About Aji Bio-Pharma’s Continuous Flow Expertise
Ajinomoto Group is a global manufacturing company that specializes in a cross-section of fields related to health and well-being, including pharmaceuticals, nutraceuticals, foods, specialty chemicals, and beauty. Ajinomoto Bio-Pharma Services, its contract development and manufacturing organization (CDMO), specializes in a range of manufacturing, analytical, and development services related to small molecules, biologics, and cell and gene therapies. With roughly 1,500 employees across four countries, Aji Bio-Pharma produces more than 2 billion doses distributed across more than 150 countries each year.
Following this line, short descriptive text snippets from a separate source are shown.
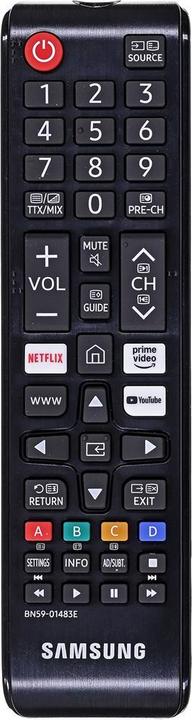 Actual product image Samsung UE32H5002FK (32", LED, HD, 2025)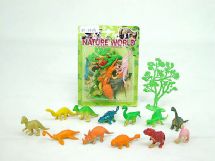 Dinosaur world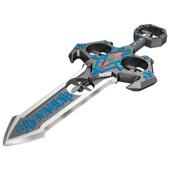 新品 幻御仙剑遥控无人机手势感应飞行器灯光飞剑儿童玩具飞机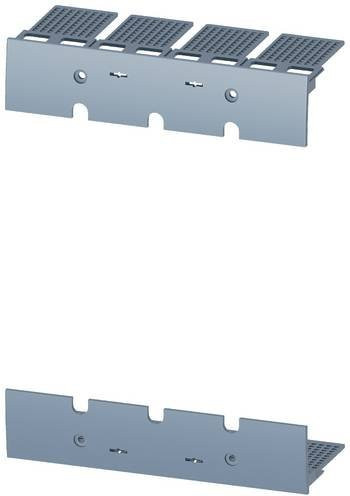 Siemens Klemmenabdeckung grau 3VA9344-0KB01 - Bild 1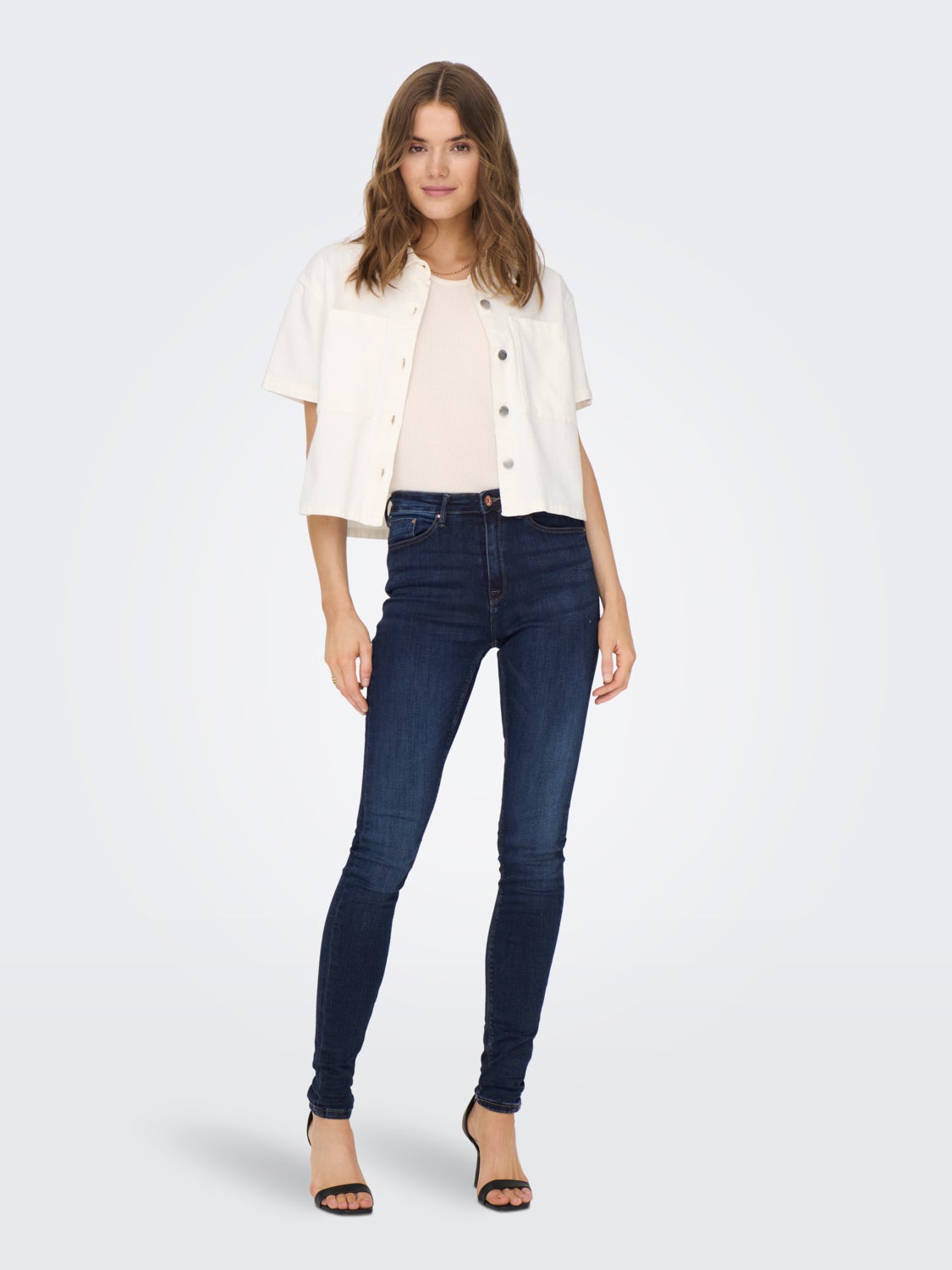 ONLPaola hw Skinny fit jeans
Aji Bio-Pharma’s Center of Excellence in continuous flow processes, located in Belgium, serves a global customer base. Its center boasts a wealth of expertise in highly potent APIs and complex chemistries. Its small molecule manufacturing capabilities are the result of decades of experience, from hydrides reduction to enzymatic conversion to a host of other chemistries. Other key expertise housed at Aji’s Center of Excellence include capabilities in organometallic, cryogenic, and oxidation chemistries; and energetic reactions, catalytic hydrogenation, and various other complex, toxic, and potent chemistries. Until a few years ago, these applications were performed in batch. Aji’s transition to continuous flow was spurred by the various advantages it offers when compared to batch processing including enabling a much wider range of operating conditions, greater temperature control, and more optimal mass and heat transfer.
In order to maximize the advantages achieved by continuous flow processing, Aji Bio-Pharma has invested heavily in its laboratory capabilities with new modular setups, including reactors, automated pumps, and other novel equipment like its photoflow reactor. Commensurately, Aji Bio-Pharma has invested in the process analytical technologies (PAT), such as Raman spectroscopy and extraction equipment, including membrane-assisted phase separators, mixers, and settlers. In transitioning processes from batch to flow, Aji Bio-Pharma conducts scale-up studies, continuous improvement projects, and feasibility testing to improve the sustainability and economics of its applications. The insights gained through this evaluation have resulted in other equipment investments, such as Chemtrix scalable flow reactors and tubular flow reactors developed in-house. Aji Bio-Pharma’s other novel equipment, including its pilot-scale HANU™ 150 Flow Reactor and its CØPE Reactor, help to round out its capabilities, particularly for high-temperature, high-pressure, slurry-compatible applications.